Mozambique: Anamola calls for separation of political parties from electoral bodies
Screen grab: Venâncio Mondlane /Facebook
In Mozambique, presidential candidate Venâncio Mondlane has said that he will put an end to “the sale of” the country to multinationals if he wins in the elections of 9 October, accusing the current Frelimo president and government of treating the country “like a chicken coop” in which people have little or no autonomy.
“I am the only candidate who is willing to fight, to the last consequences, to defend the people, because we realise that our country is being sold off little by little,” said the candidate, who is supported exclusively by extra-parliamentary parties, during a rally in the district of Angónia, in Tete province, in the centre of the country.
Mondlane pointed to the presence of oil multinationals in the northern province of Cabo Delgado, and the armed violence that followed, as proof that Mozambique is being “negotiated [away] with big business”.
Mozambique, which has the third-largest natural gas reserves in Africa, currently has three development projects approved to exploit the gas reserves in the Rovuma basin, classified as among the largest in the world, off the coast of Cabo Delgado.
“I’m here to tell those who want to sell the country that this attempt to sell Mozambique is over,” he declared.
Mondlane also accused the governing Mozambique Liberation Front (Frelimo) party of running the country like a “chicken coop” and of political persecution and intolerance.
“Are you chickens in these people’s coop?” he asked his listeners. “We have to put an end to political persecution, but for that to happen, the state has to serve the people and not a certain party.”
Mondlane promised basic services such as hospitals, health and food self-sufficiency for the population if he is elected in the October presidential elections.
“We are here to say something very simple: it is the government of Mozambique and not the government of Malawi that should help the people of Angonia,” he said, referring to the fact that the two countries are neighbours and share a long border, and that Rwandan forces are in Mozambique’s Cabo Delgado province helping government and local forces fight armed rebels there.
Formerly a member of parliament for the main opposition Mozambican National Resistance (Renamo) party, until he left the organisation after being barred from running for its leadership, Mondlane saw the coalition whose candidates he supported in the legislative elections, also on 9 October, removed from the ballot papers. He now has the declared support of the extra-parliamentary forces Optimistic Party for the Development of Mozambique (Podemos) and Democratic Revolution (RD).

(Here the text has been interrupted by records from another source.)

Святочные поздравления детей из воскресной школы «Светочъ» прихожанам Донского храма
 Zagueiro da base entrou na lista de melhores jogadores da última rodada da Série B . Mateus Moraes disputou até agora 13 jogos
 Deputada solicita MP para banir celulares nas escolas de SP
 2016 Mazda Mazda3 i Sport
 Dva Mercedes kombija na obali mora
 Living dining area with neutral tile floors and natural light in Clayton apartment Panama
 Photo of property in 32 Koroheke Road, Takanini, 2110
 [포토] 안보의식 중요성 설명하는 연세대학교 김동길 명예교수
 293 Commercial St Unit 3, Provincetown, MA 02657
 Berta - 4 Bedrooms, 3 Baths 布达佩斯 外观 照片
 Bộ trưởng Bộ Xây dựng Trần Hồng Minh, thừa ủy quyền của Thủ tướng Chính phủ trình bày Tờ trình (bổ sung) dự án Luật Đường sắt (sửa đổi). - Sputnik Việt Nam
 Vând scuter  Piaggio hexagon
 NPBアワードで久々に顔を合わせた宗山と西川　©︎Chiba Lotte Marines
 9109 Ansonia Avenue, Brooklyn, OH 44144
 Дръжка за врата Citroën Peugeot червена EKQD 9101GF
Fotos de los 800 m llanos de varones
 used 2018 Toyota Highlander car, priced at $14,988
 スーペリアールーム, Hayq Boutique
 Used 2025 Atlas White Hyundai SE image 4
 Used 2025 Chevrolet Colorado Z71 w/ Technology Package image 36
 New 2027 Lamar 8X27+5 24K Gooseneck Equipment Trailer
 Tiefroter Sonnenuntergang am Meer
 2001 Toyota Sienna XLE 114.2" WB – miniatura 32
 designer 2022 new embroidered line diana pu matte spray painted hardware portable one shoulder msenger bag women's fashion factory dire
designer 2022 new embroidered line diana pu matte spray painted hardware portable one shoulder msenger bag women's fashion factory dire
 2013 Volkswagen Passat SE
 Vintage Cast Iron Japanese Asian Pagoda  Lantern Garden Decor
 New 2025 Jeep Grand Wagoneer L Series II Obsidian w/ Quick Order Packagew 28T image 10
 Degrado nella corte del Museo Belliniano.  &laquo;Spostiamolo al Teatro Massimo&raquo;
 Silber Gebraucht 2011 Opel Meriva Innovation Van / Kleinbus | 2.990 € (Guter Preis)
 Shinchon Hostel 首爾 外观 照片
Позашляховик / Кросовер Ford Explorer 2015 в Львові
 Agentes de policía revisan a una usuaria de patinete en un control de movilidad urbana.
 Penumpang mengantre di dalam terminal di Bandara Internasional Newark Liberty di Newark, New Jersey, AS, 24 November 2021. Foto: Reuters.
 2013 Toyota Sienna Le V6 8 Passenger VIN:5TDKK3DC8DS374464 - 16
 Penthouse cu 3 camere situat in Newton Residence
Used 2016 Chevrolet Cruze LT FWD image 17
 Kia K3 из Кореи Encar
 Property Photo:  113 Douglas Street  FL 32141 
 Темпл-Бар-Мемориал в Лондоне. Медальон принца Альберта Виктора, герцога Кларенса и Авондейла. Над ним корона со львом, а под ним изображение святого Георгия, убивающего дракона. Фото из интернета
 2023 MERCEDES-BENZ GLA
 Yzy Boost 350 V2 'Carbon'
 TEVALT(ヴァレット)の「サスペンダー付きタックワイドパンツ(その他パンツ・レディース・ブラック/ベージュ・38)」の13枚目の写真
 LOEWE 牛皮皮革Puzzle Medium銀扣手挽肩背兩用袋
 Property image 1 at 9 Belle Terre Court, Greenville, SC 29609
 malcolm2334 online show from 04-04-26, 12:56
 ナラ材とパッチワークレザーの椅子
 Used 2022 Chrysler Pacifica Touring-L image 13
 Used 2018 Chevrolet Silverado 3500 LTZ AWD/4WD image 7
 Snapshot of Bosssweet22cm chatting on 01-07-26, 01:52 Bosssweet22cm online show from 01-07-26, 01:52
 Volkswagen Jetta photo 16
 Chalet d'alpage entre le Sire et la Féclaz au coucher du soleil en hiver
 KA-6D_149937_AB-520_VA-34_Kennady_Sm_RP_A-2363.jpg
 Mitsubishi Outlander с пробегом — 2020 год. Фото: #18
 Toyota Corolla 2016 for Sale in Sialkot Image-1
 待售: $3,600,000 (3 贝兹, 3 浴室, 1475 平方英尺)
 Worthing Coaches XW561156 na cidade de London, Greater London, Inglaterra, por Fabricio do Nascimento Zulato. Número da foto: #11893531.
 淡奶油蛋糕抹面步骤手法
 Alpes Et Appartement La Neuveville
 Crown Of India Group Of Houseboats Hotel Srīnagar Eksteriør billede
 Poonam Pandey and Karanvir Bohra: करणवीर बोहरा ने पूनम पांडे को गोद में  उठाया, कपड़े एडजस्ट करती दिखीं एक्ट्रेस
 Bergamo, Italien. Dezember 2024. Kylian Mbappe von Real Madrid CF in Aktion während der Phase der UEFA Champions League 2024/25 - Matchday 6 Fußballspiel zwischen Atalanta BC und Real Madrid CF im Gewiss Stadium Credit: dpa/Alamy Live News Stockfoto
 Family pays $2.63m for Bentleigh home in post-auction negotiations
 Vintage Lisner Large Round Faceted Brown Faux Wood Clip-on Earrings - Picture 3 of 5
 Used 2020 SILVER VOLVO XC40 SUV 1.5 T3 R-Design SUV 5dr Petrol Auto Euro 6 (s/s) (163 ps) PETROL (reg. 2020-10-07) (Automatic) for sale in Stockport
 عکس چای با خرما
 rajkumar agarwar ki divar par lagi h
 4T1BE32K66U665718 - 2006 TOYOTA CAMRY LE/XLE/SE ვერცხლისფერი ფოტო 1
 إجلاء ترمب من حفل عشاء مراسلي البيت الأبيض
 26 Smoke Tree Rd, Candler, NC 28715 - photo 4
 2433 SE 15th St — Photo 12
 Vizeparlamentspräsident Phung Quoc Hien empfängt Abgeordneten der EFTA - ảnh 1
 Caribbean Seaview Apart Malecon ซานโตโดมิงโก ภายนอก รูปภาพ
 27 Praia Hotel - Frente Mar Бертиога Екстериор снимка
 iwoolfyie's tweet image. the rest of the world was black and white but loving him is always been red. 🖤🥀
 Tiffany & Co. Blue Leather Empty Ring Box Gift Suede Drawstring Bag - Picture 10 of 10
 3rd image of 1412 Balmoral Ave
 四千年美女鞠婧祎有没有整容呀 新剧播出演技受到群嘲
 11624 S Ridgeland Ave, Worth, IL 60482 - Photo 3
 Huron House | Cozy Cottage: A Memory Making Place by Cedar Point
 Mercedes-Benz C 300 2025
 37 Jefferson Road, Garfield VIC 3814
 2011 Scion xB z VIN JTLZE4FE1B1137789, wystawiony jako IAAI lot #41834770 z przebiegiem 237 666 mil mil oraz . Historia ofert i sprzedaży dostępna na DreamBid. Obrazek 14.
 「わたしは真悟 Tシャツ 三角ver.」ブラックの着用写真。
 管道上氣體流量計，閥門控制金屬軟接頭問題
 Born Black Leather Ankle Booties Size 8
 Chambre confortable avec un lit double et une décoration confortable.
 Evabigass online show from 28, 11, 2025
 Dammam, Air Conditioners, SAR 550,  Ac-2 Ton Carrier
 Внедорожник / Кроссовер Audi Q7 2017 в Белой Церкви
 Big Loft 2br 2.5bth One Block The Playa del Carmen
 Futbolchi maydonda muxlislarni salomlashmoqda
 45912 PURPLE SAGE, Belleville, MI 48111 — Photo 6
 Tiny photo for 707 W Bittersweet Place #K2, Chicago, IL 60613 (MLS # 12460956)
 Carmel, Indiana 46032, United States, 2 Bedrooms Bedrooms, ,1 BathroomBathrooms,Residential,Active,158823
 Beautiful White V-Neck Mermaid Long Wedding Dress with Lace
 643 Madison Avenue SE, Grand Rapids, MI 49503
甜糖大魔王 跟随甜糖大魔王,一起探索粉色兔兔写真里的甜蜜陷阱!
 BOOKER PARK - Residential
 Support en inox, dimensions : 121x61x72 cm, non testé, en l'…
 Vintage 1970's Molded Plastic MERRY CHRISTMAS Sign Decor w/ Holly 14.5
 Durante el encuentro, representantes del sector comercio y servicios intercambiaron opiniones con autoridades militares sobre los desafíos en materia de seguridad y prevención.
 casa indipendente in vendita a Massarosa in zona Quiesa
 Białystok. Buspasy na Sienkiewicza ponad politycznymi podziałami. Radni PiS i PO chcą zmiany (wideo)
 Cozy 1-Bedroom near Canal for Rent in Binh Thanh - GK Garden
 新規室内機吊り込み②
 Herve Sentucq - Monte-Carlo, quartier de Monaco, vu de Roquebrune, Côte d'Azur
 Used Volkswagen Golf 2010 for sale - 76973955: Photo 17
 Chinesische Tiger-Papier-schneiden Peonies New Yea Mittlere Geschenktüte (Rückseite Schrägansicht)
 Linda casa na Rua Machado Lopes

Mozambique is holding general elections on 9 October, in a ballot that includes presidential, legislative, provincial assembly and provincial governor elections.
More than 17 million voters are registered to vote, including 333,839 registered abroad, according to official figures.
In addition to Mondlane, the presidential candidates are Daniel Chapo, supported by Frelimo, Ossufo Momade, supported by Renamo, and Lutero Simango, supported by the Mozambique Democratic Movement (MDM), the third-largest parliamentary force.